Ports overcharge another $60m

The Captive Port Customers Group Ports is estimating that New Zealand ports have earned another $60m in monopoly profits since the Government decided in 2002 not to intervene to stop the ports from using their market power over shipping operators.

“In 2002 the Government did nothing to stop the ports from ripping customers off, and we have found that they are still at it,” Paul Nicholas of the Captive Port Customers Group (CPC Group) said today.

“Record level profit announcements from ports recently prompted us to update our assessment of one of the ports we examined two years ago - Lyttelton.

“We found Lyttelton is still earning around a 20% rate of return each year – that is much more than the 8% rate of return judged by the Commerce Commission as warranted for a similar monopoly service- airports.

“If the other five ports we studied in 2002 have also maintained the rates of return they were achieving then, shipping operators have had to pay around $60m more than they needed to over the past two years.

“It is an appalling price to pay for the Government’s lack of courage in relation to ports,” Mr Nicholas said, given that the Government has protected itself from monopoly pricing in respect of Track Co.

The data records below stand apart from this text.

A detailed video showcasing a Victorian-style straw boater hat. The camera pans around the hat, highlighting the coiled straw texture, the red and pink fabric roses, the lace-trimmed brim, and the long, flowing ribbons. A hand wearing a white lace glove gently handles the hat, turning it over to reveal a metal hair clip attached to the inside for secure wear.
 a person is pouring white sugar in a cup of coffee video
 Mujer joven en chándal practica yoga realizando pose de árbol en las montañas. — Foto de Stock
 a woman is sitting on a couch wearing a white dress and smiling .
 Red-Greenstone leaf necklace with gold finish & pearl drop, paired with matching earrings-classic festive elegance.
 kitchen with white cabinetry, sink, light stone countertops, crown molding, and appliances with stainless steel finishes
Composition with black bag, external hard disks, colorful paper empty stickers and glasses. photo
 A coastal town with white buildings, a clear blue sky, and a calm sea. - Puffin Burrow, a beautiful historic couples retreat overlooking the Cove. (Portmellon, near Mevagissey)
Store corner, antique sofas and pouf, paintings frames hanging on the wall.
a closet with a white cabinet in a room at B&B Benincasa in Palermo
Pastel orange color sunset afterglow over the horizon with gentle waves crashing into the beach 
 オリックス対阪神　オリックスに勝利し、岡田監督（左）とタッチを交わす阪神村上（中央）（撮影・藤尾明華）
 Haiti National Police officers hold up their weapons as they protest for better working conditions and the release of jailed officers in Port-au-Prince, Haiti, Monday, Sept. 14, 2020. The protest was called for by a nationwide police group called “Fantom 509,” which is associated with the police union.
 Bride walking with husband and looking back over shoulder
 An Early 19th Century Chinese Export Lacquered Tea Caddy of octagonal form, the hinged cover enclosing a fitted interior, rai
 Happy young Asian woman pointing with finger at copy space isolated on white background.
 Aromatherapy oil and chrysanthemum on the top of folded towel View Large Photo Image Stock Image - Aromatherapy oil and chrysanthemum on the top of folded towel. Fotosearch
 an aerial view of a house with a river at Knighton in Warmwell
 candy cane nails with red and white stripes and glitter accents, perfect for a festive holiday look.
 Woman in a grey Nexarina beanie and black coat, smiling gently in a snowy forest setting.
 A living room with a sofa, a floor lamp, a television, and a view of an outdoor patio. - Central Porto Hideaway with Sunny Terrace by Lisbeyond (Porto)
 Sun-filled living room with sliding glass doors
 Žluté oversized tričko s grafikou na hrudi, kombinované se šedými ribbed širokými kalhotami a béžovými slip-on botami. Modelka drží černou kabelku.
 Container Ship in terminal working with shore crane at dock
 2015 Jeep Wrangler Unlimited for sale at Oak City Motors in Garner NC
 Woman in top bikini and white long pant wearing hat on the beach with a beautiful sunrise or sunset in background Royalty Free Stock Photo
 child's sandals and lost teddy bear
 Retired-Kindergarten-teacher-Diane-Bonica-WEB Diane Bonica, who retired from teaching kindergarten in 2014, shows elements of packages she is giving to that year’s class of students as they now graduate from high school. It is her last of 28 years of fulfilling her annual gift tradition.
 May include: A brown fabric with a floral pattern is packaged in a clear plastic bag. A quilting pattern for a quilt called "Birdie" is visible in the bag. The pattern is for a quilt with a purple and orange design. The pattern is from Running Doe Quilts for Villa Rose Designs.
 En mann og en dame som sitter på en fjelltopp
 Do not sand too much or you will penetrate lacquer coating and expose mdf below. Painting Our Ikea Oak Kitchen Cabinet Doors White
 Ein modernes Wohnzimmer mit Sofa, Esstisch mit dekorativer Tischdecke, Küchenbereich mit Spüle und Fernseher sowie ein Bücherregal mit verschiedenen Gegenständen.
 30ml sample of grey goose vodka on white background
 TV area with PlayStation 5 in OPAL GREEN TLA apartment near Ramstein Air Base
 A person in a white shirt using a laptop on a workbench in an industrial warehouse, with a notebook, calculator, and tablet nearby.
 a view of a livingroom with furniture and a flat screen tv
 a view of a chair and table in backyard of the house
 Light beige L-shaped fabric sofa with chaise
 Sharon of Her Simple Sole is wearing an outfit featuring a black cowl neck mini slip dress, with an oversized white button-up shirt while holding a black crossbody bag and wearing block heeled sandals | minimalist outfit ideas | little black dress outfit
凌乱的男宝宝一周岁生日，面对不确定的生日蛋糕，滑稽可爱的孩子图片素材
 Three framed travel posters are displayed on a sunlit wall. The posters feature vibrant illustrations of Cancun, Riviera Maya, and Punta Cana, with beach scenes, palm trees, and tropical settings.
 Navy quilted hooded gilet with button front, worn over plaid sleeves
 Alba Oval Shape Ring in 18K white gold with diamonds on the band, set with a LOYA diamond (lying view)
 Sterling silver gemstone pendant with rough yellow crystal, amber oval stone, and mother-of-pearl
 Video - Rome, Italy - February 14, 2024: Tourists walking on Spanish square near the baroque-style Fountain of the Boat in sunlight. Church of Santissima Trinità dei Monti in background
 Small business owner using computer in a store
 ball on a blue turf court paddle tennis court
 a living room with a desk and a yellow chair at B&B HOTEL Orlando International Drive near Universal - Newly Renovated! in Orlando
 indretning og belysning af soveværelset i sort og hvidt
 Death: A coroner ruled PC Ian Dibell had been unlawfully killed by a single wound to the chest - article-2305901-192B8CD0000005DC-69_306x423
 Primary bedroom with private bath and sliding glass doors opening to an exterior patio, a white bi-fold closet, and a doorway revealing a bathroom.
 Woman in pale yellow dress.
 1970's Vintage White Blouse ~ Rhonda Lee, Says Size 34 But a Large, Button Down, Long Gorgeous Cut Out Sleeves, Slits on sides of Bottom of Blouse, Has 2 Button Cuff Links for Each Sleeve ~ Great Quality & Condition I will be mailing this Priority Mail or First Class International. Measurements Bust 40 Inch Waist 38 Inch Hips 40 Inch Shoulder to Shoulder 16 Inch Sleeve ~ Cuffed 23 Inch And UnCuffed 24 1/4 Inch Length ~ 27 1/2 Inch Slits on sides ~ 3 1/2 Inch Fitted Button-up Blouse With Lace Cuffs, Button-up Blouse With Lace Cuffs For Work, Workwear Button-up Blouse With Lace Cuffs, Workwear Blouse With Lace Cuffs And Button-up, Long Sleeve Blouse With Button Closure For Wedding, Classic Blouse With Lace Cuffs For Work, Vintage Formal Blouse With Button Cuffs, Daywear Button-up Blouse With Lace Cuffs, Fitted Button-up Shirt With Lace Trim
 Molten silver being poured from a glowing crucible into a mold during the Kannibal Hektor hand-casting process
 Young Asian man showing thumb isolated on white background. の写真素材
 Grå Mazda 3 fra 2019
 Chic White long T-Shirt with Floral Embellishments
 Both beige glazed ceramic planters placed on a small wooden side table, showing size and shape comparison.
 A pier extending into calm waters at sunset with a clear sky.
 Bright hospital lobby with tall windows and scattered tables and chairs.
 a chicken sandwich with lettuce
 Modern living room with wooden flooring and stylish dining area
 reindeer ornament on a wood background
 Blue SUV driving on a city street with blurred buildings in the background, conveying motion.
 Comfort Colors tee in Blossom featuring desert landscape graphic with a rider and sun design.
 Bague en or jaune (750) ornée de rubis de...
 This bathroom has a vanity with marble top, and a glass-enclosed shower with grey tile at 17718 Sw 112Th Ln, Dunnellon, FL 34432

The latest research, by Simon Terry Associates (STA), discovered that over the post-corporatisation period 1988-2004 Lyttelton had secured an internal rate of return of 15.6% real, post-tax. This figure was calculated using the methodology set out in Portly Charges (2002), with the book value of assets providing a terminal value for the analysis.

If the market value of the assets at June 2004 is taken as the terminal value, STA estimates that the IRR over 1988-2004 would be of the order of 20% real post-tax (a current market valuation of the assets was not available for this report).

That means Port Lyttelton is currently collecting around $20 million of excess revenue (and hence profit) each year, relative to the amount which it would have been allowed to charge under rate-of-return regulation that provided for an 8% rate of return. Excess profits on this basis are estimated at $19.8 million in 2002, $19.1 million in 2003, and $19.9 million in 2004.

Mr Nicholas said the CPC Group wanted the Government to convene an industry group made up of all parties, to develop a cost effective system to deal with the captive part of the port market.

“We are not talking about whole industry regulation, but a way of stopping the monopoly abuse in a well defined part of the industry. It would help to have a system for information disclosure in negotiations and a dispute resolution mechanism,” Mr Nicholas said.